[Image-text web data]
■ ■ ■ ■ ■
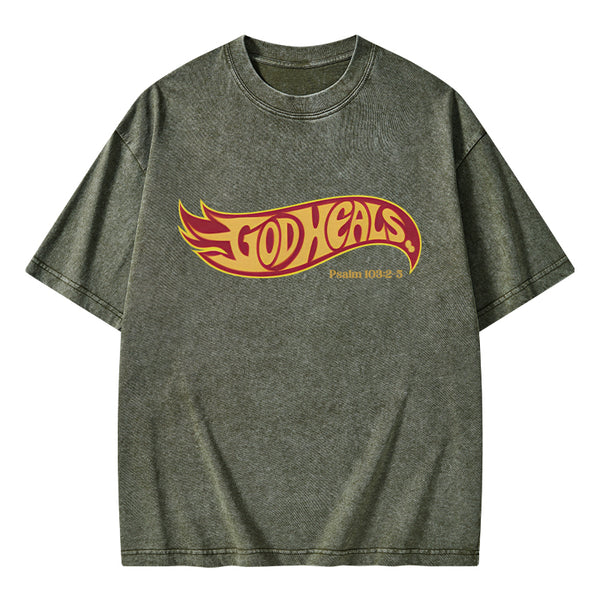 GC-WTSA0806 God Heals Christian Washed T-Shirt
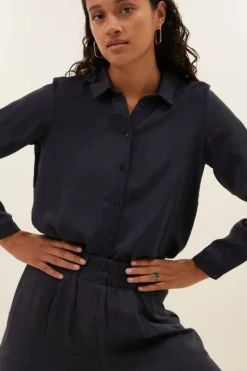Blouses*By bar donna satin stripe blouse | graphite
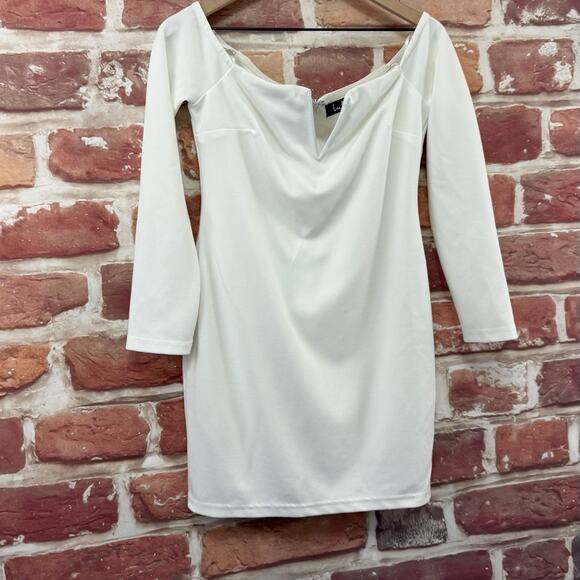 Lulus Over The Swoon Dress L White Stretchy Bodycon Long Sleeve Mini Zipper Back - Picture 2 of 7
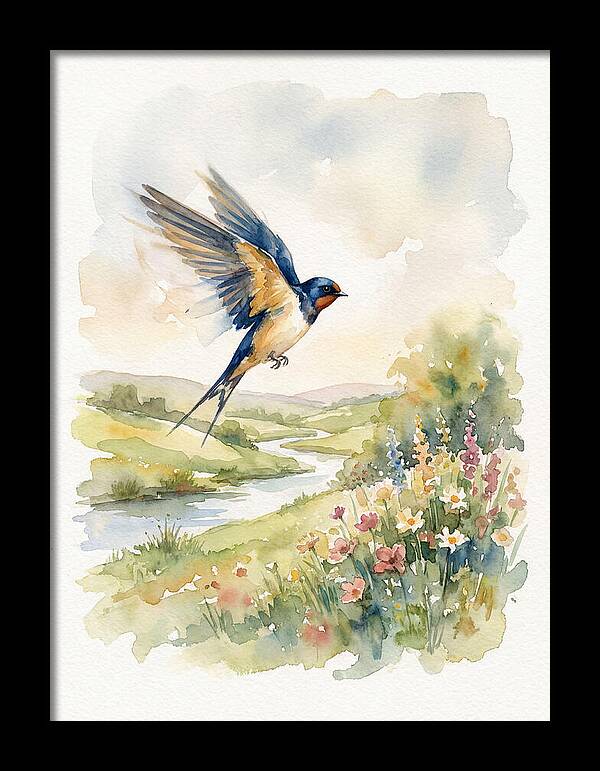 Swallow In Flight Over Meadow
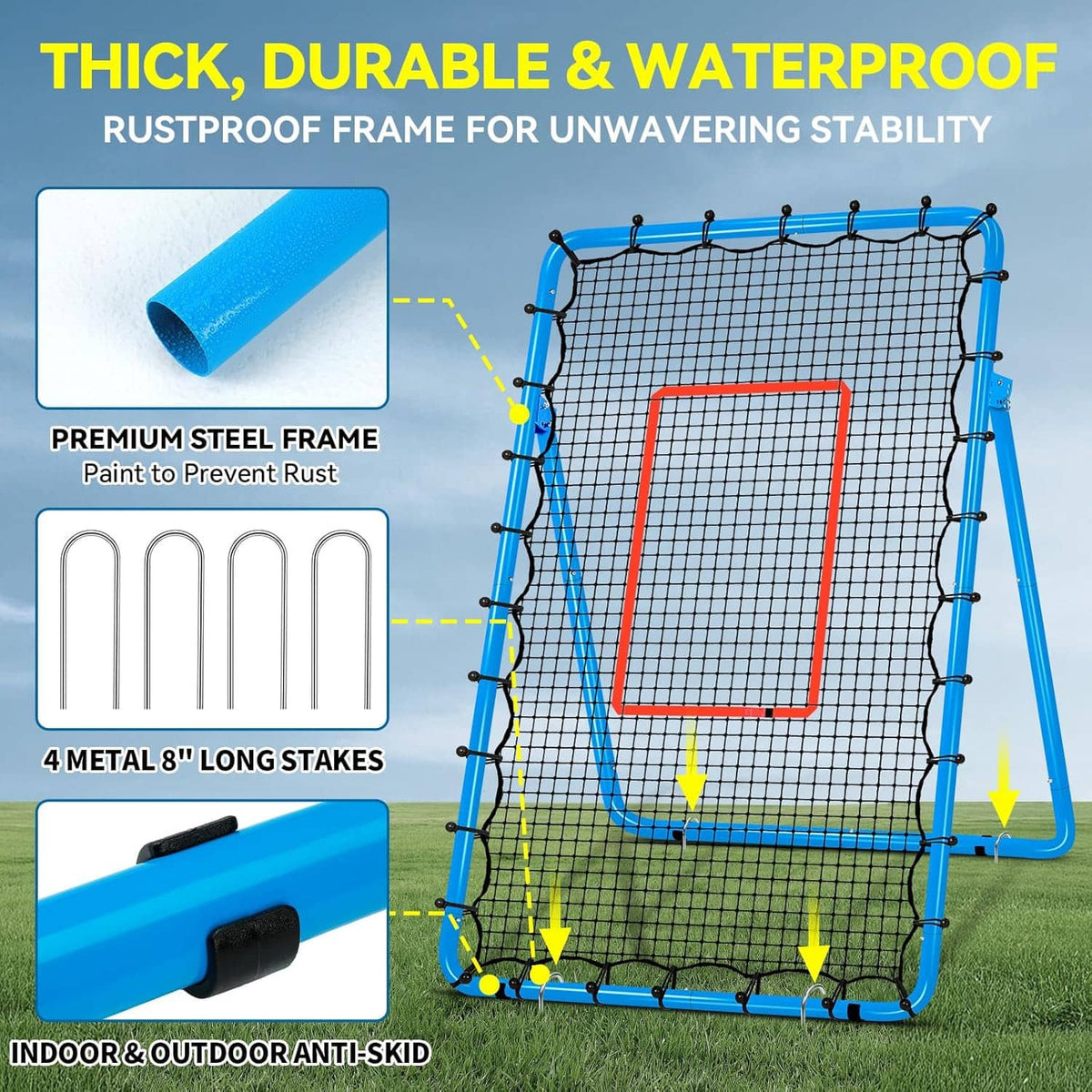 Outdoor volleyball rebounder net with blue steel frame and metal ground stakes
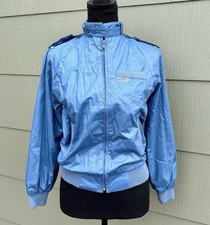 vtg Windcrest NWT 80s Ice Blue Zip Up Nylon Windbreaker Bomber Jacket KIDS 14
■ ■ ■ ■ ■
**Work to be completed:**
Without the pictures, repeat exactly the lines running from the line containing "Blouses*By bar donna" through the end of the data, both ends included.

**Output of the task:**
Blouses*By bar donna satin stripe blouse | graphite
 Lulus Over The Swoon Dress L White Stretchy Bodycon Long Sleeve Mini Zipper Back - Picture 2 of 7
 Swallow In Flight Over Meadow
 Outdoor volleyball rebounder net with blue steel frame and metal ground stakes
 vtg Windcrest NWT 80s Ice Blue Zip Up Nylon Windbreaker Bomber Jacket KIDS 14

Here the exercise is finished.